→ **EXERCISE DETAILS**
An exact transcription is needed of the lines below from the one with "Camiseta Mujer PRO" through the one with "Игра Farming Simulator", with no other lines and no pictures.

Dataset items:
......

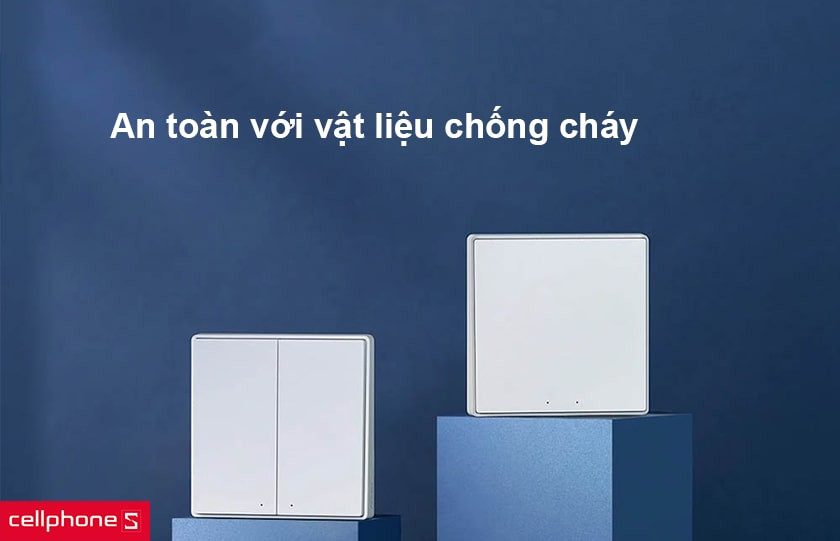 An toàn với vật liệu chống cháy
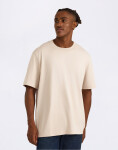 Organic Basics True Heavy Boxy Fit Tee Sandstone M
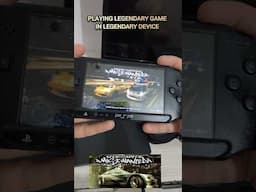 Need For Speed Most Wanted In PSP #nfsmostwanted #mostwanted #nfs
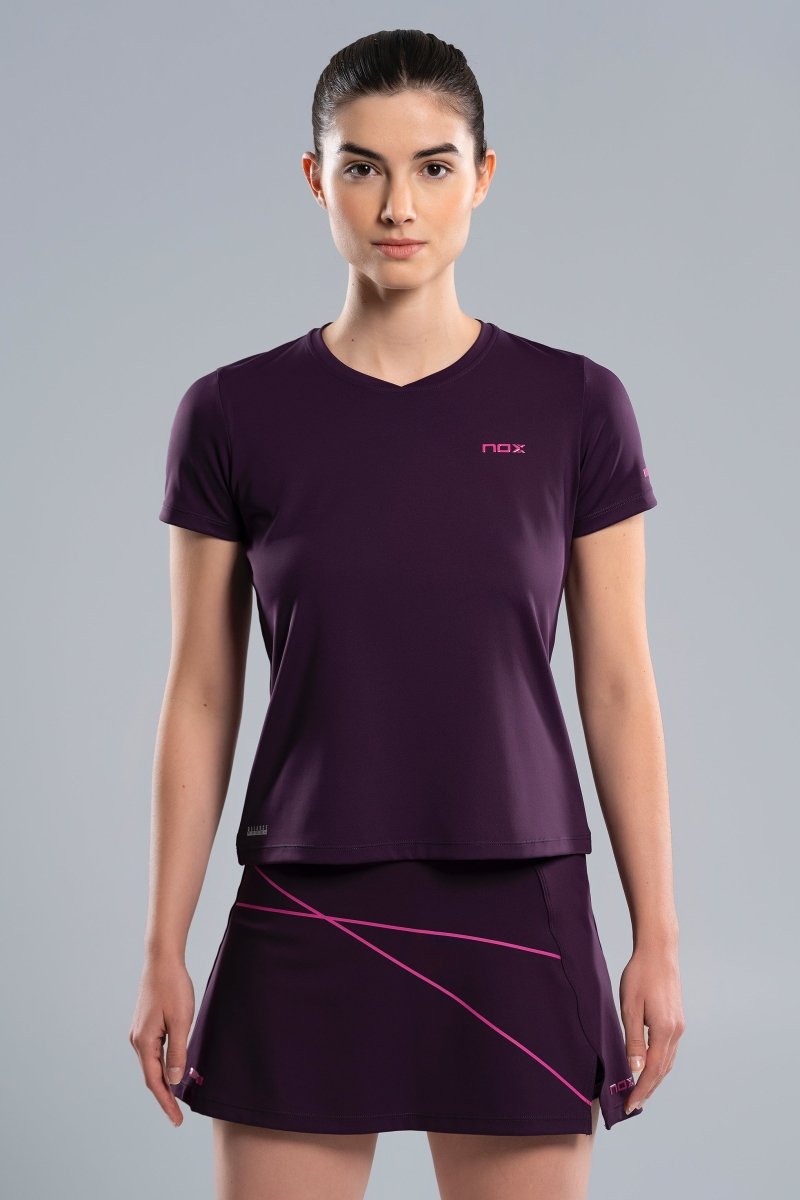 Camiseta Mujer PRO Deep Purple - NOXfw25Camisetas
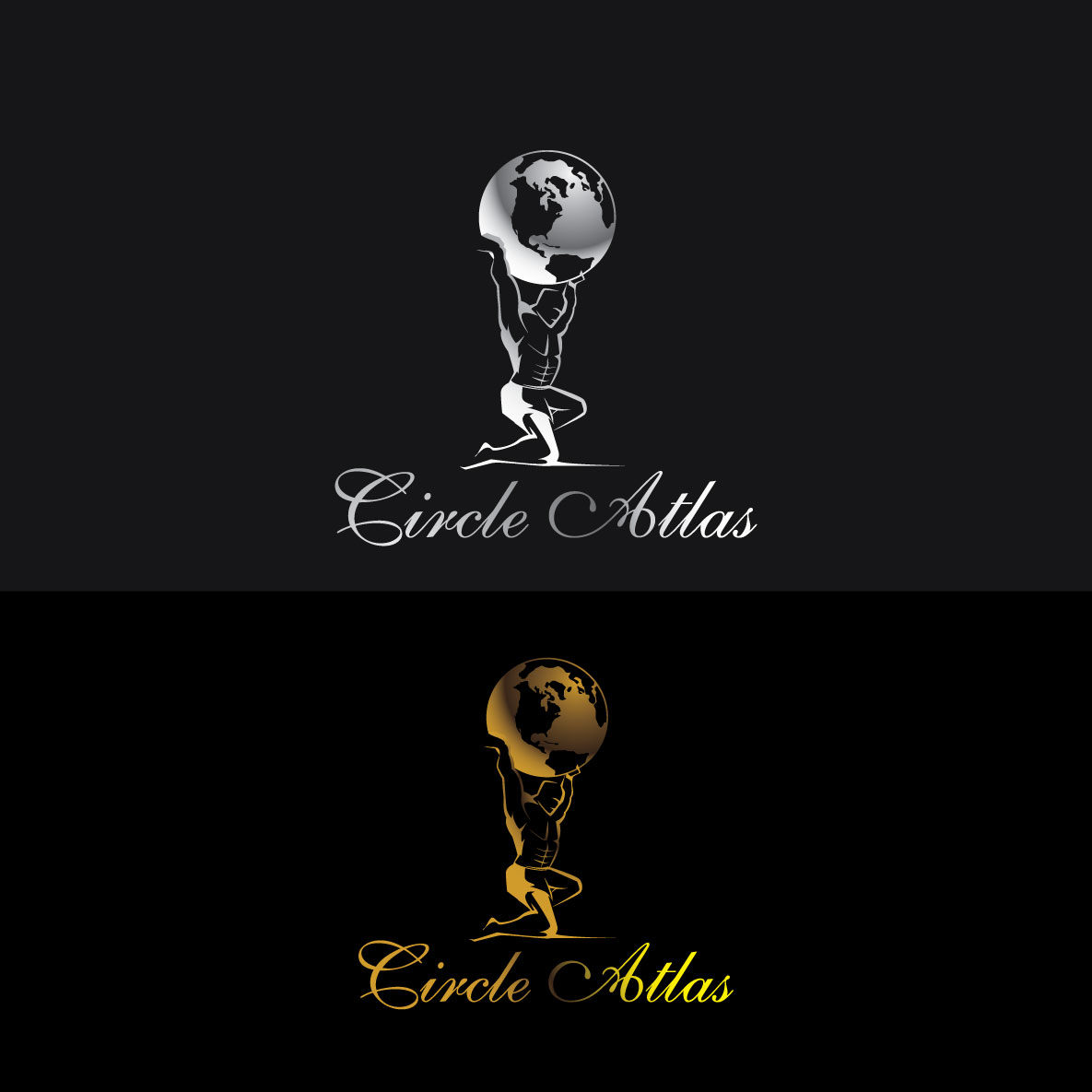 Logo-Design von creative.bugs für Circle Atlas | Design #10381277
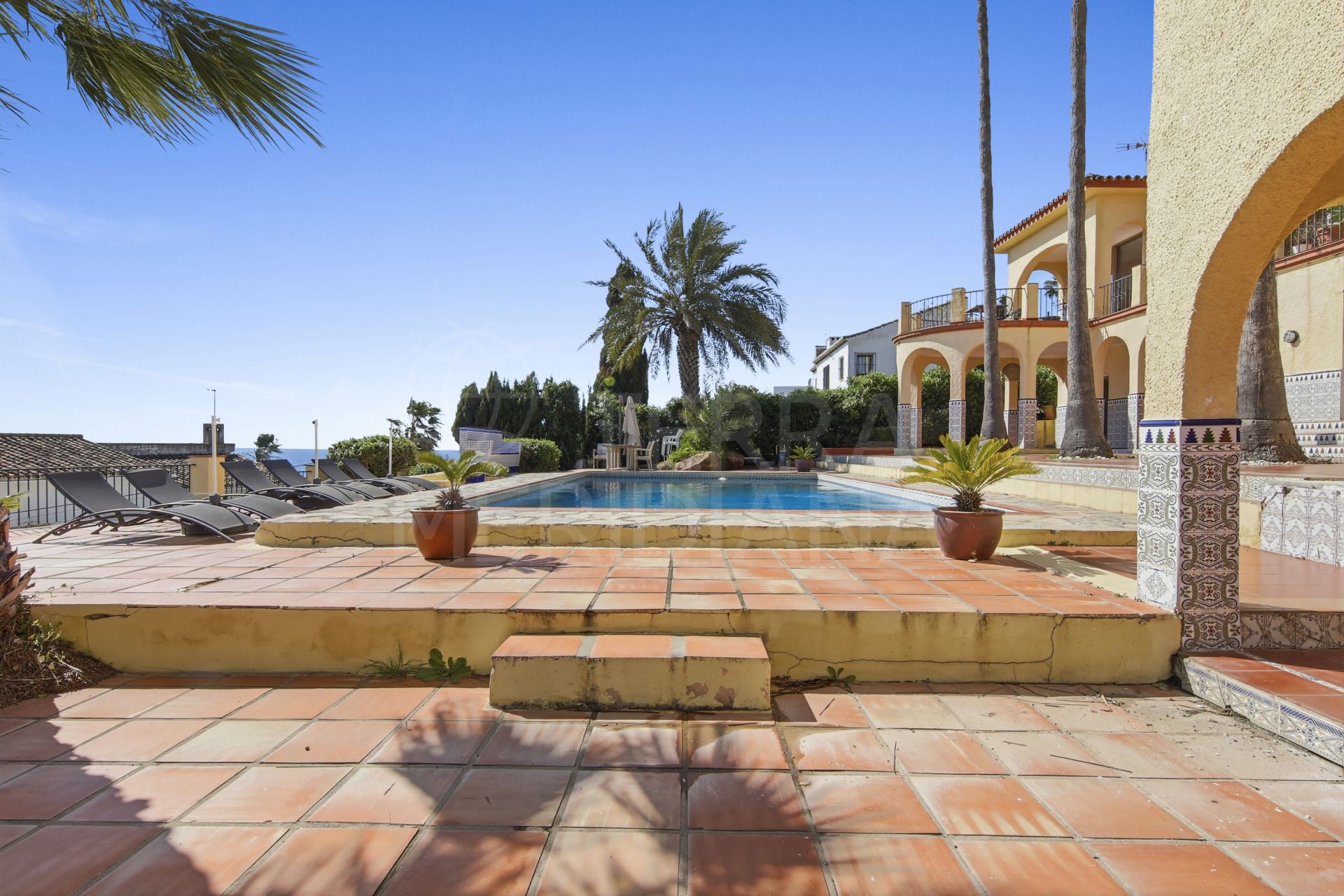 Villa in Buenas Noches, Estepona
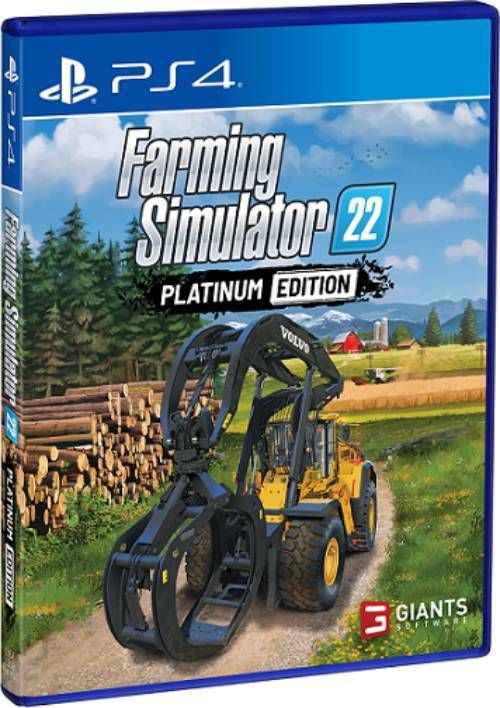 Игра Farming Simulator 22 Platinum Edition (PlayStation 4, Русские субтитры)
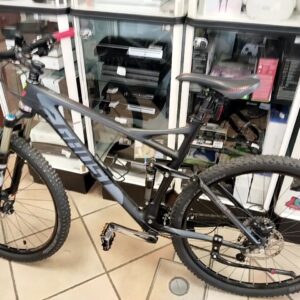 Ghost AMR Lector 29, Carbon, Schwarz/Grau, Full-Suspension Mountainbike, Shimano XT | SLX Ausstattung, Fox Float CTD Dämpfer, 29 Zoll Laufräder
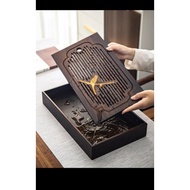 Wooden tea ceremony tray (damp)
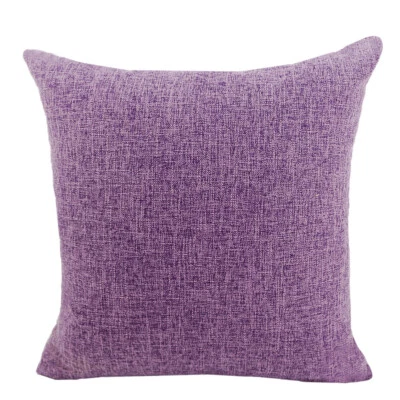 纯亚麻靠垫套枕套家居装饰 16 英寸 18 英寸 20 英寸 22 英寸 24" 26" 28 — 第 1/4 张图片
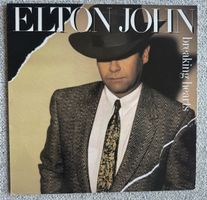 Elton John - Breaking Hearts - LP - 1984
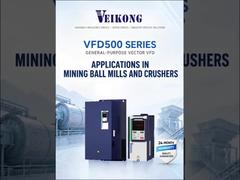 Onduleur haute performance VEIKONG VFD500 pour l'industrie lourde
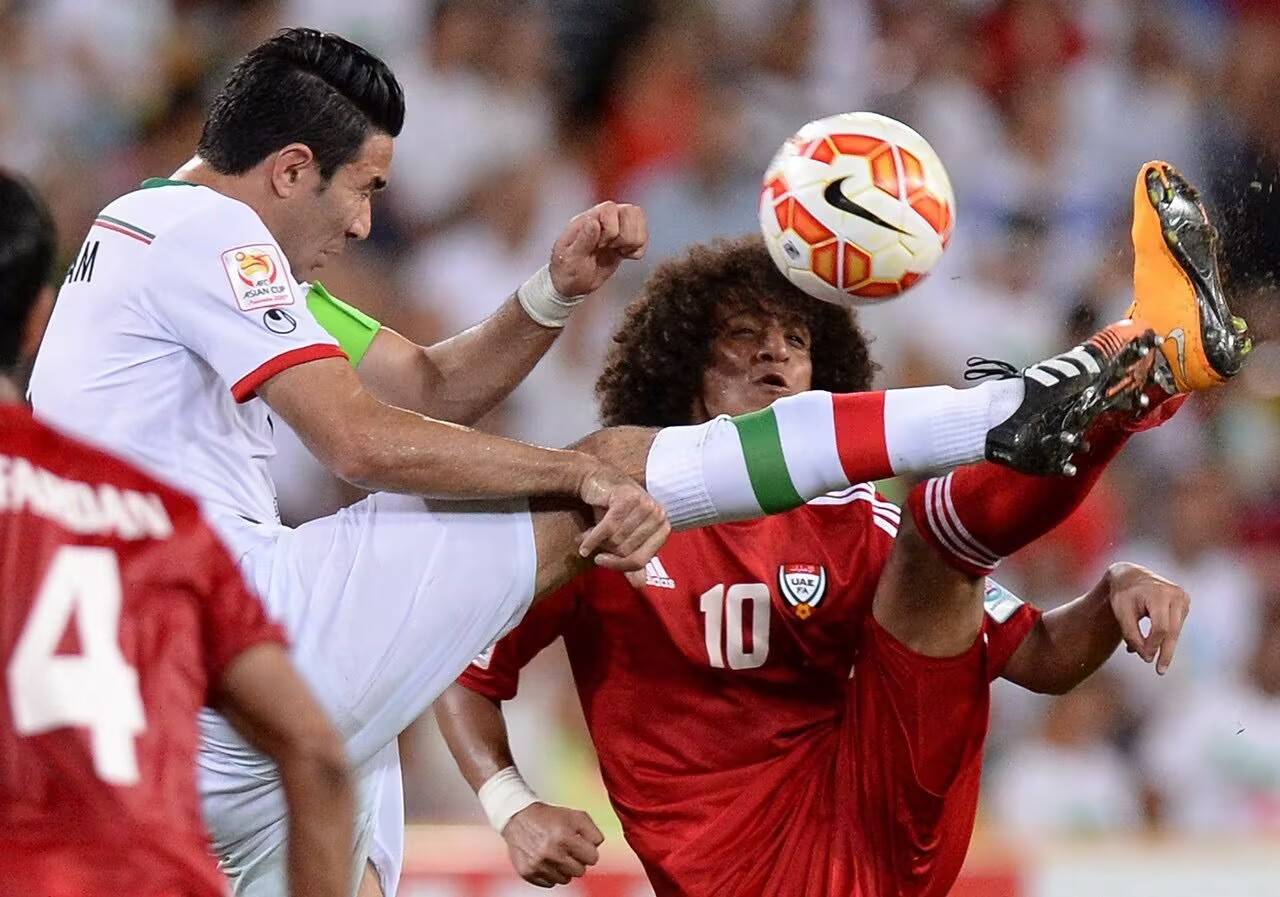 伊朗球队在团队之间建立默契 伊朗球队在团队之间建立默契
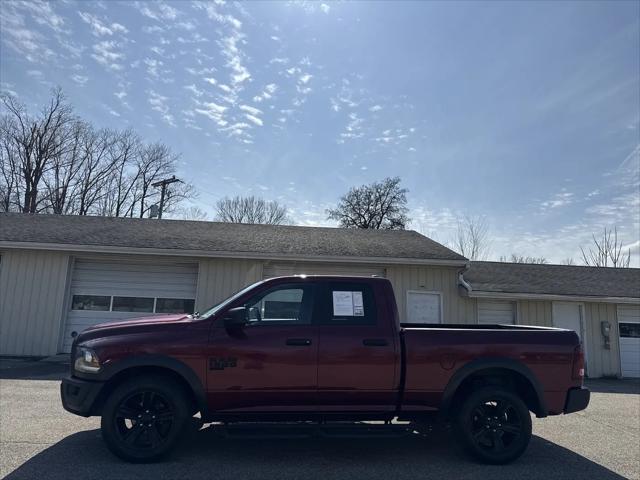 2021 Ram 1500 Warlock Quad Cab 4x2 6'4" Box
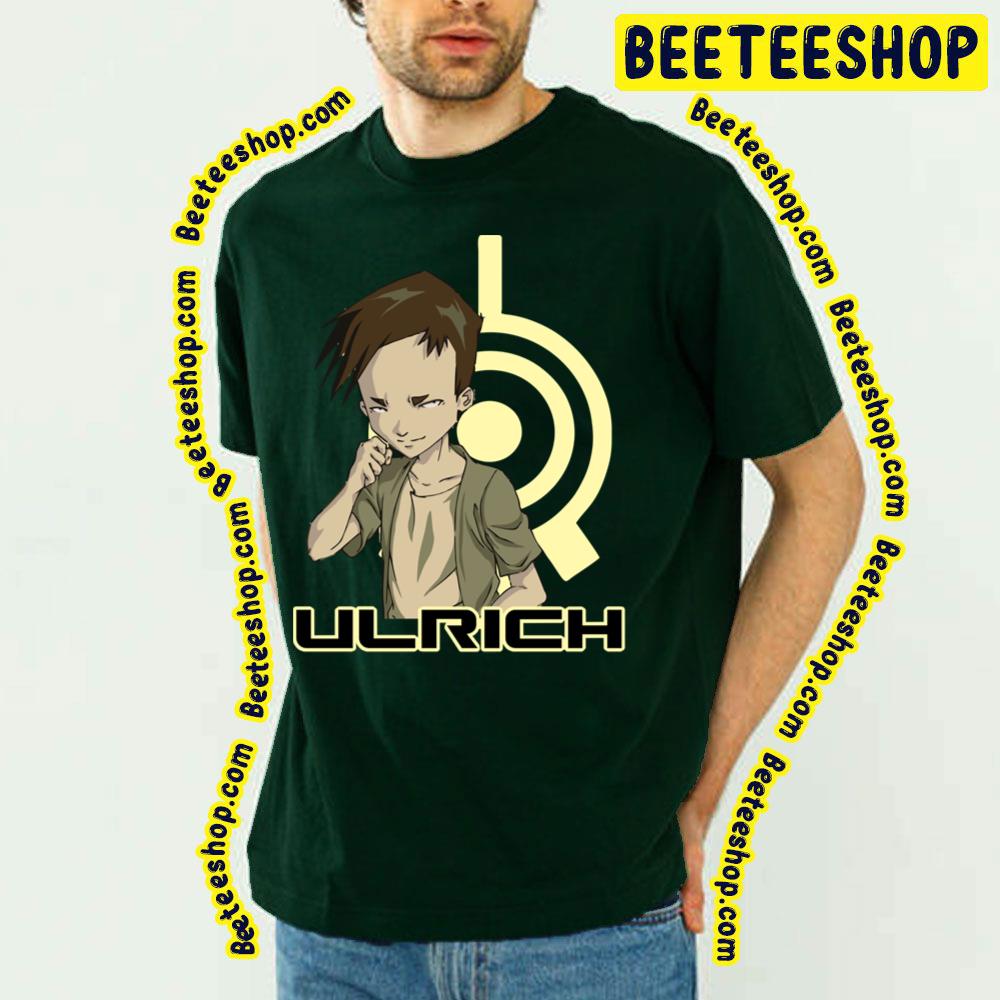 Art Ulrich Code Lyoko Trending Unisex T-Shirt Art Ulrich Code Lyoko Trending Unisex T-Shirt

......

→ **OUTPUT OF THE TASK**
 Camiseta Mujer PRO Deep Purple - NOXfw25Camisetas
 Logo-Design von creative.bugs für Circle Atlas | Design #10381277
 Villa in Buenas Noches, Estepona
 Игра Farming Simulator 22 Platinum Edition (PlayStation 4, Русские субтитры)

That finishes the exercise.